**What is needed:**
Without any of their pictures, return all of the records exactly.

Dataset items

┌──

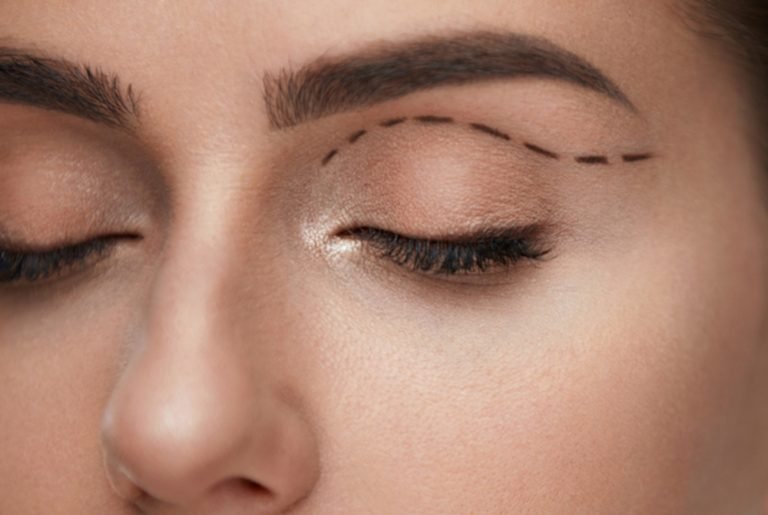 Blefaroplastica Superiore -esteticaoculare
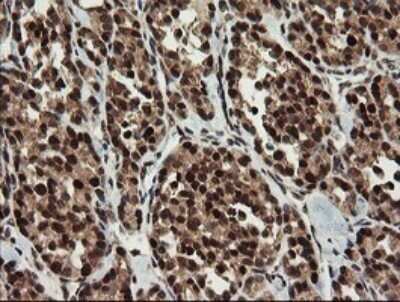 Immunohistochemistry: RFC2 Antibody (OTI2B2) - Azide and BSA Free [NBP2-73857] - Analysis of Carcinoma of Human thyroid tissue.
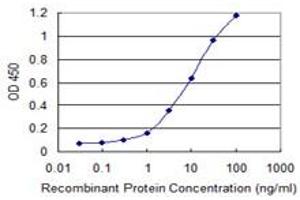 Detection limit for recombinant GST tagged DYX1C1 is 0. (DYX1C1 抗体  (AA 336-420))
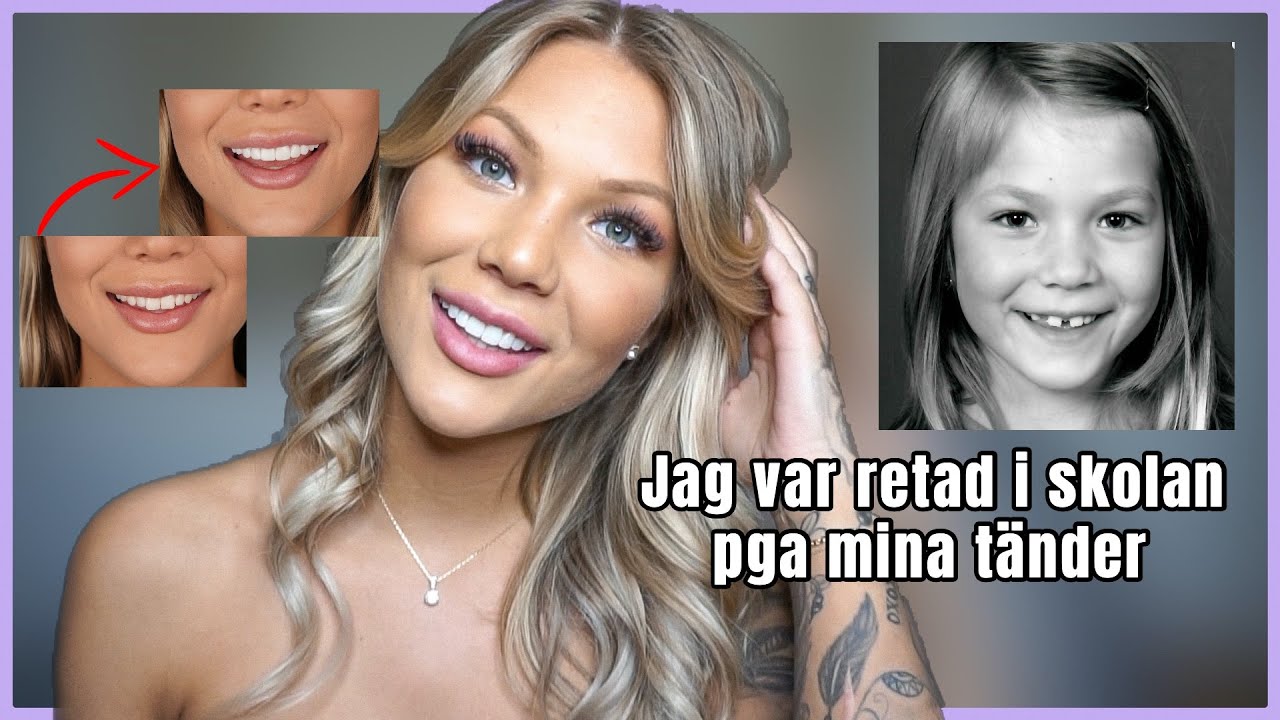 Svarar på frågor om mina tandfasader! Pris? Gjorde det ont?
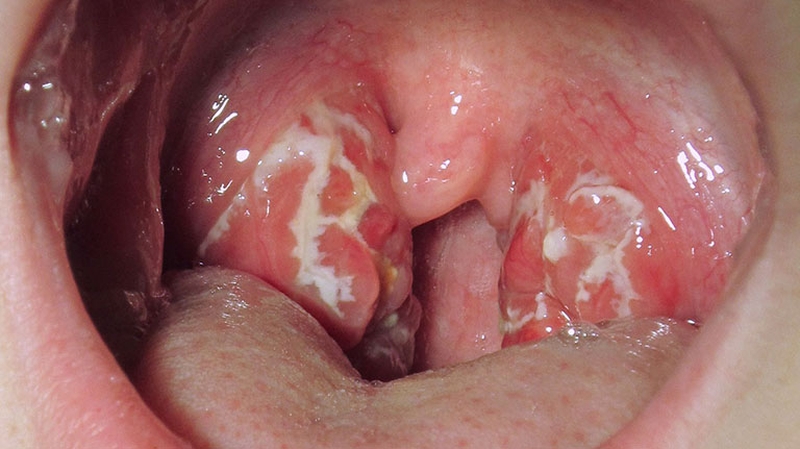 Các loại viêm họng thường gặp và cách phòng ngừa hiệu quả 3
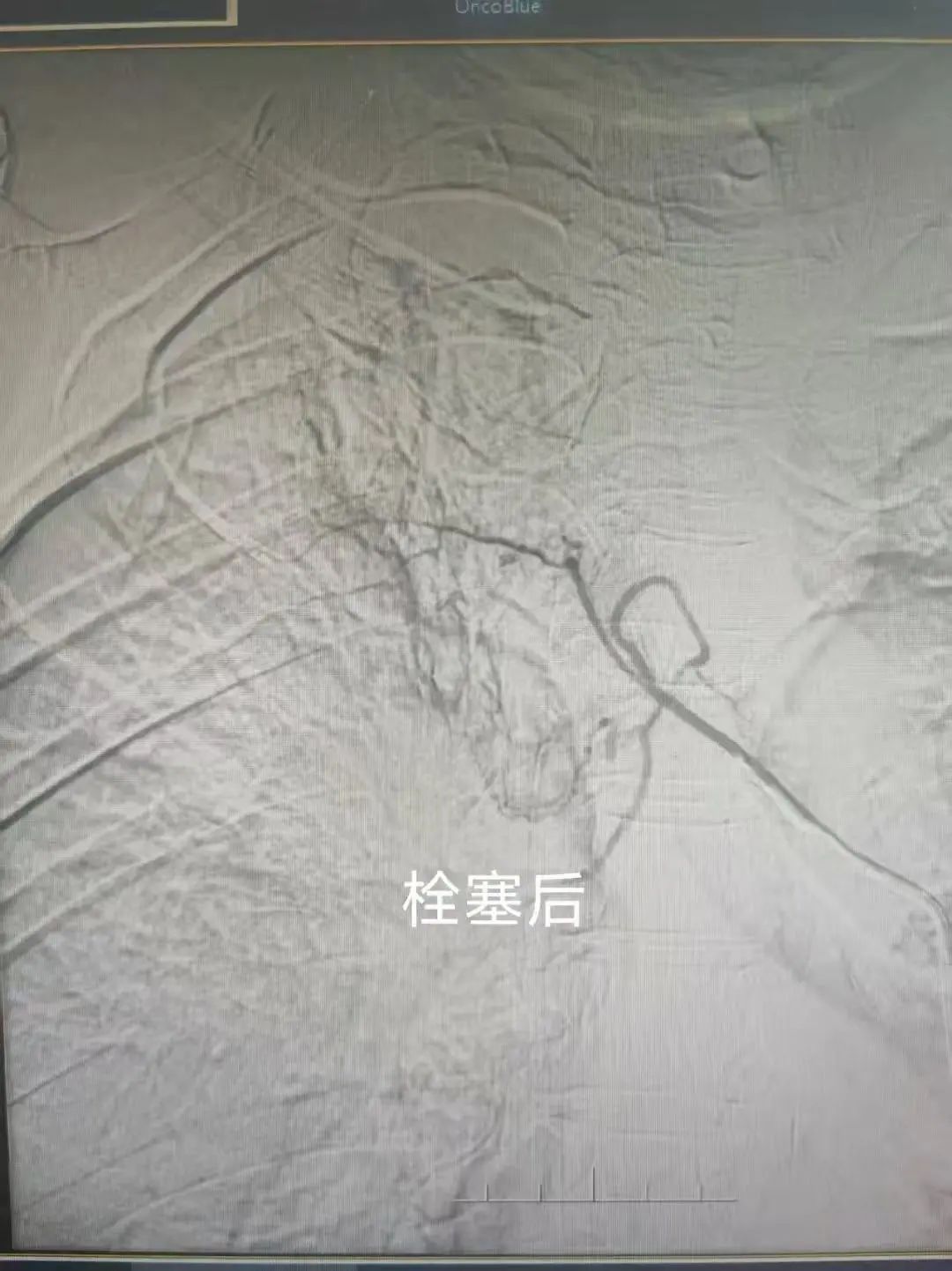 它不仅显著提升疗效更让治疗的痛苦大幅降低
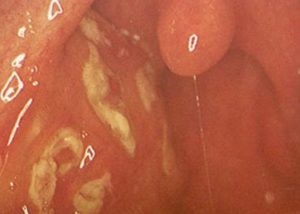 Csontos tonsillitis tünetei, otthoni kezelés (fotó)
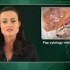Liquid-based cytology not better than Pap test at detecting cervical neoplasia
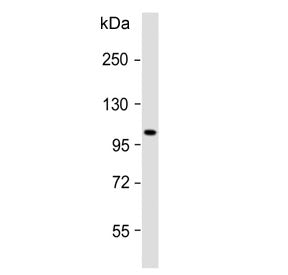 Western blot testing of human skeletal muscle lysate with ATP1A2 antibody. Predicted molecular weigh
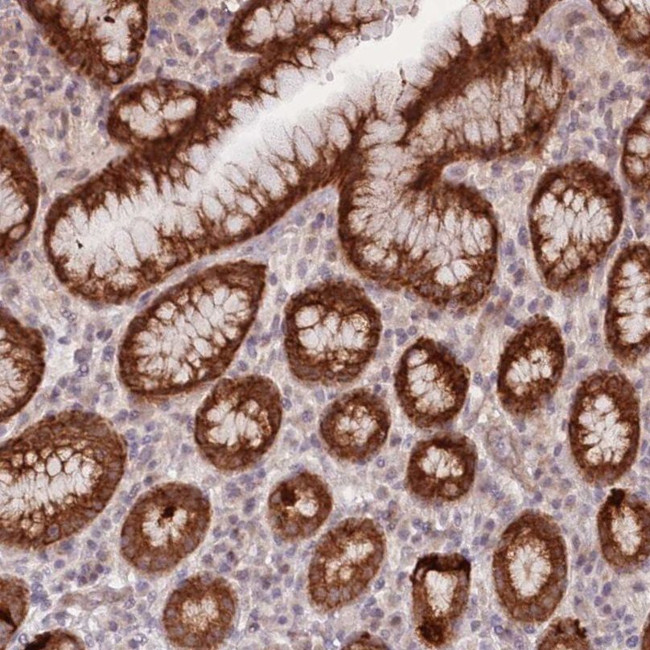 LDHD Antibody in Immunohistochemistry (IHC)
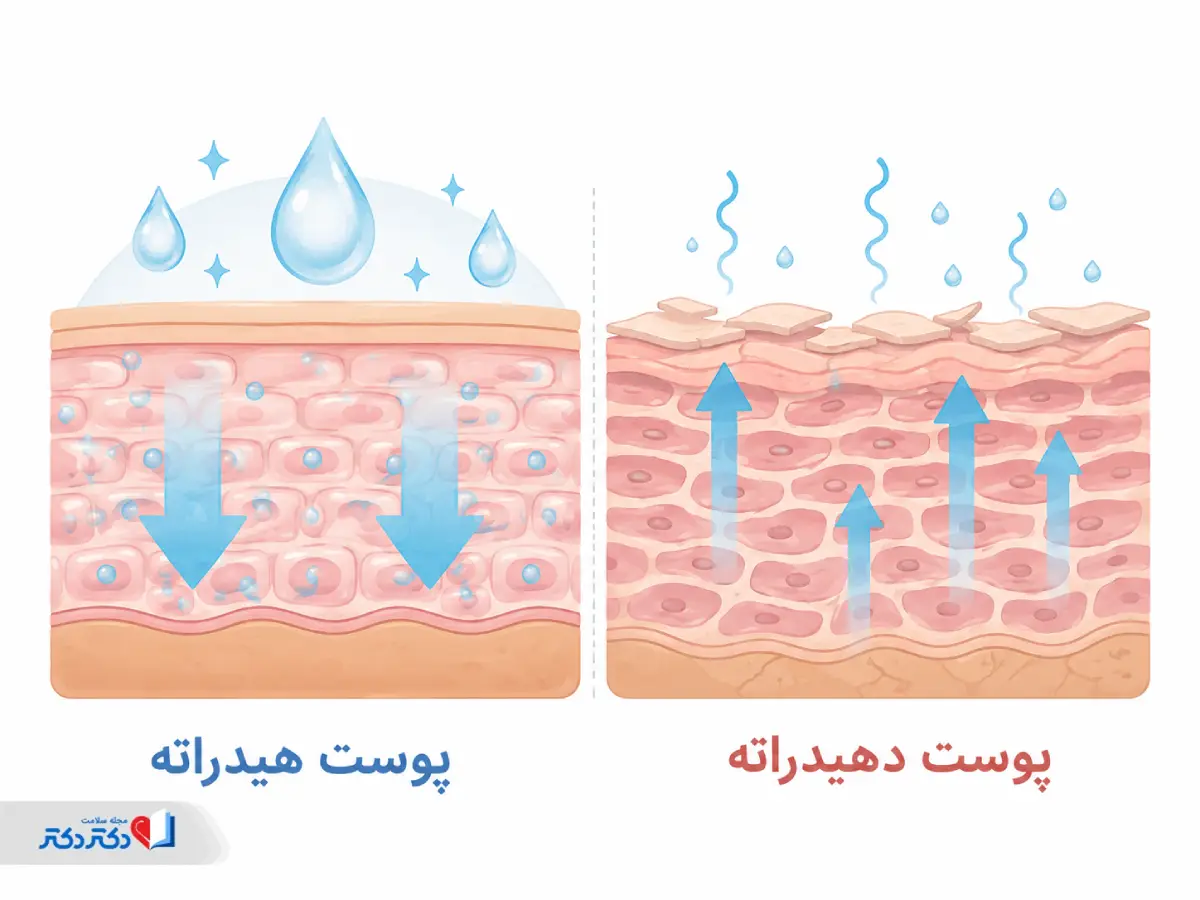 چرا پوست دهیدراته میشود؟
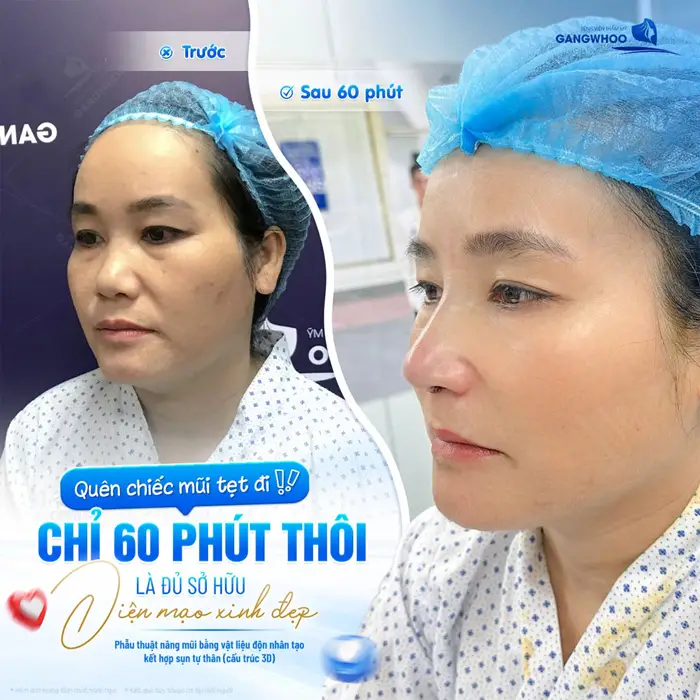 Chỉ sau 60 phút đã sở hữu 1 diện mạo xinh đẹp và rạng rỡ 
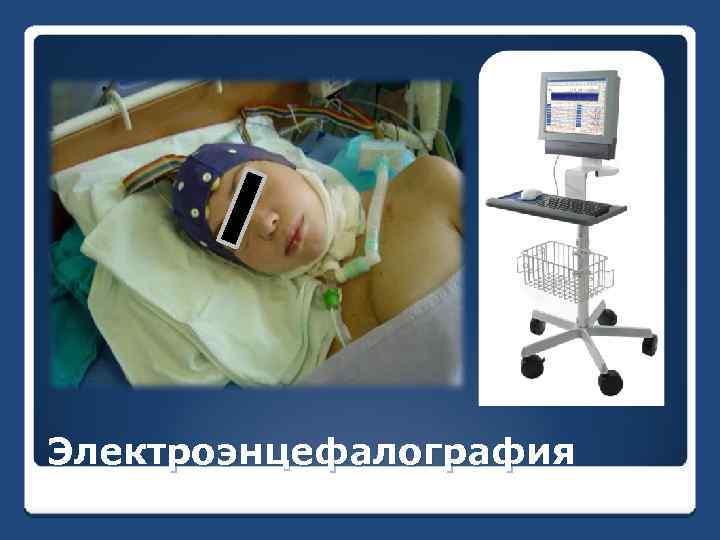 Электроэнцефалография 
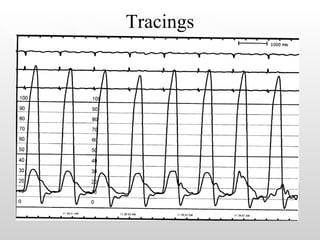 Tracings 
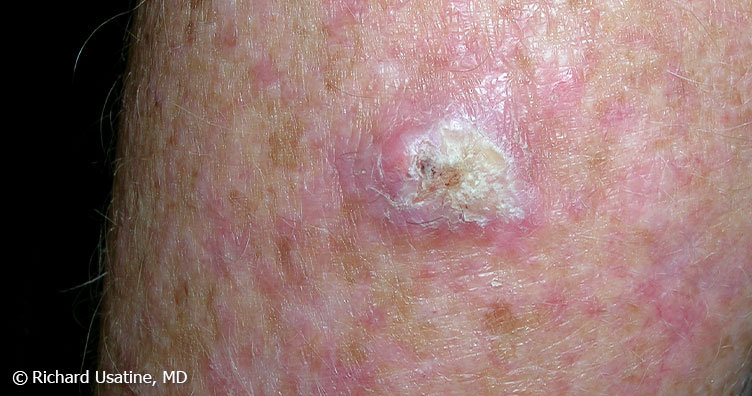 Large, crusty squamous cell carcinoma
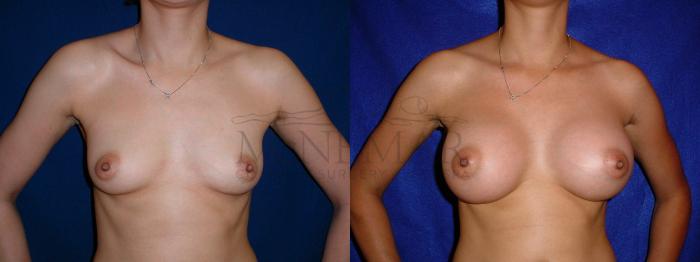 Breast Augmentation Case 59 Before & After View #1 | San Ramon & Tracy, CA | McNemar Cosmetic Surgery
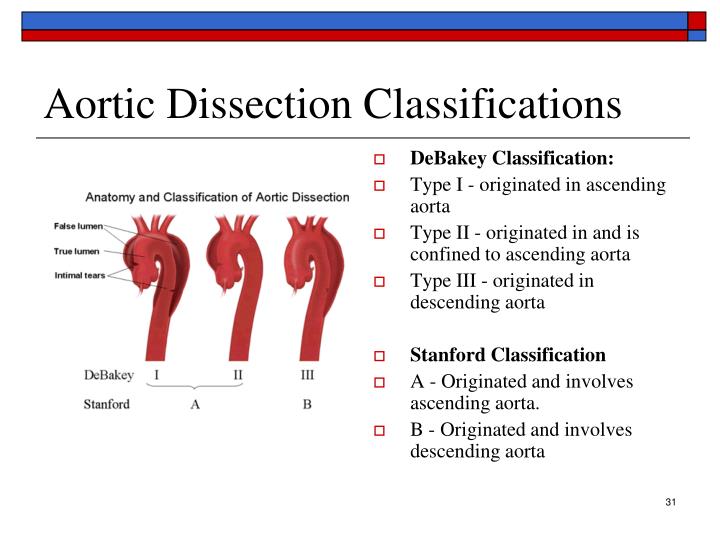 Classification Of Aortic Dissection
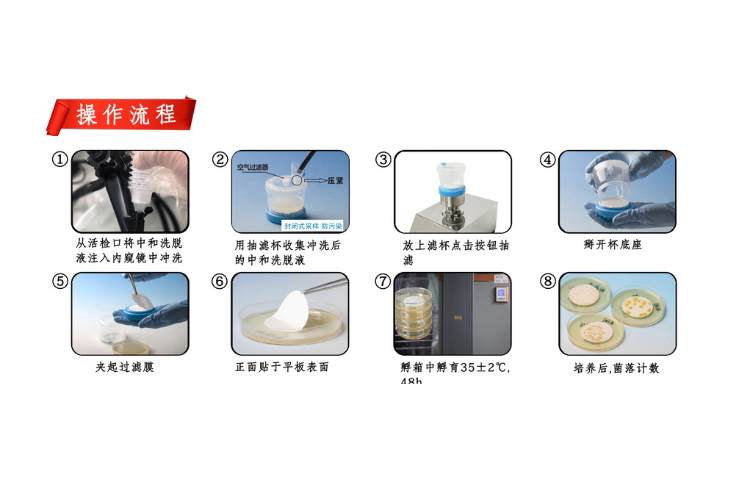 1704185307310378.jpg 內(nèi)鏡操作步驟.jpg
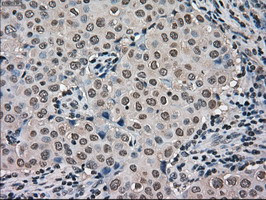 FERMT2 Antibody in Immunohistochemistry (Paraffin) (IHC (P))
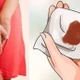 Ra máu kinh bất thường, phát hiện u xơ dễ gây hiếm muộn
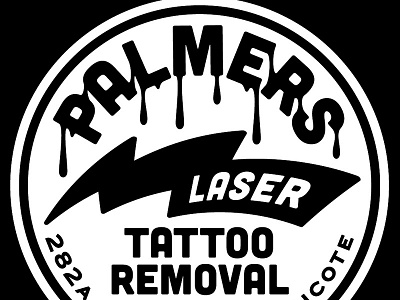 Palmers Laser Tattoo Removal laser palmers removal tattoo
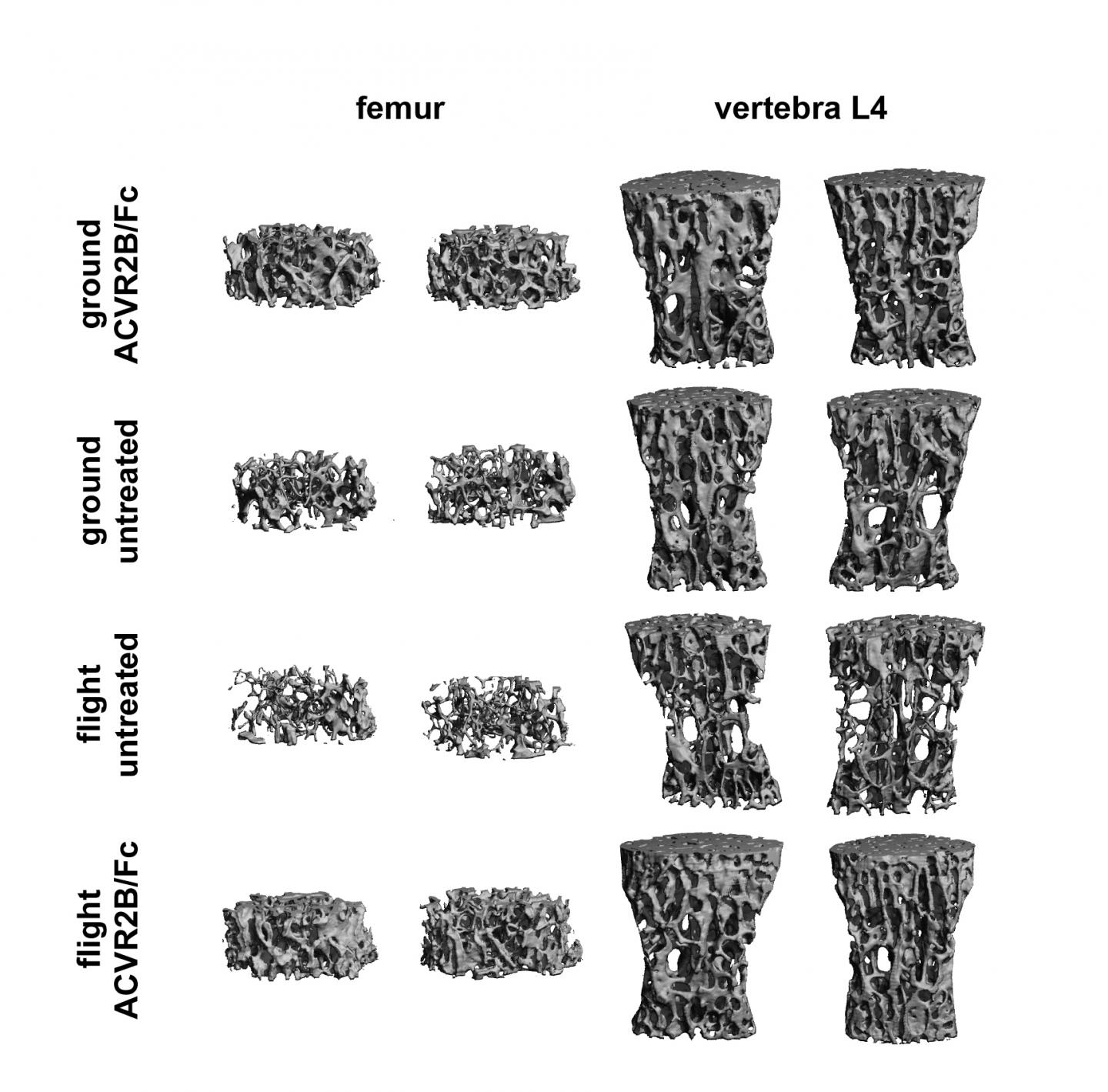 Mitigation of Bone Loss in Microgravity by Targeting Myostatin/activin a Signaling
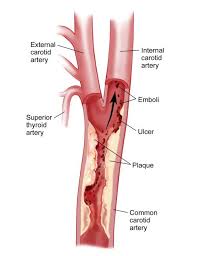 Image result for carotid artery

└──

**Result for this exercise:**
 Blefaroplastica Superiore -esteticaoculare
 Immunohistochemistry: RFC2 Antibody (OTI2B2) - Azide and BSA Free [NBP2-73857] - Analysis of Carcinoma of Human thyroid tissue.
 Detection limit for recombinant GST tagged DYX1C1 is 0. (DYX1C1 抗体  (AA 336-420))
 Svarar på frågor om mina tandfasader! Pris? Gjorde det ont?
 Các loại viêm họng thường gặp và cách phòng ngừa hiệu quả 3
 它不仅显著提升疗效更让治疗的痛苦大幅降低
 Csontos tonsillitis tünetei, otthoni kezelés (fotó)
Liquid-based cytology not better than Pap test at detecting cervical neoplasia
 Western blot testing of human skeletal muscle lysate with ATP1A2 antibody. Predicted molecular weigh
 LDHD Antibody in Immunohistochemistry (IHC)
 چرا پوست دهیدراته میشود؟
 Chỉ sau 60 phút đã sở hữu 1 diện mạo xinh đẹp và rạng rỡ 
 Электроэнцефалография 
 Tracings 
 Large, crusty squamous cell carcinoma
 Breast Augmentation Case 59 Before & After View #1 | San Ramon & Tracy, CA | McNemar Cosmetic Surgery
 Classification Of Aortic Dissection
 1704185307310378.jpg 內(nèi)鏡操作步驟.jpg
 FERMT2 Antibody in Immunohistochemistry (Paraffin) (IHC (P))
 Ra máu kinh bất thường, phát hiện u xơ dễ gây hiếm muộn
 Palmers Laser Tattoo Removal laser palmers removal tattoo
 Mitigation of Bone Loss in Microgravity by Targeting Myostatin/activin a Signaling
 Image result for carotid artery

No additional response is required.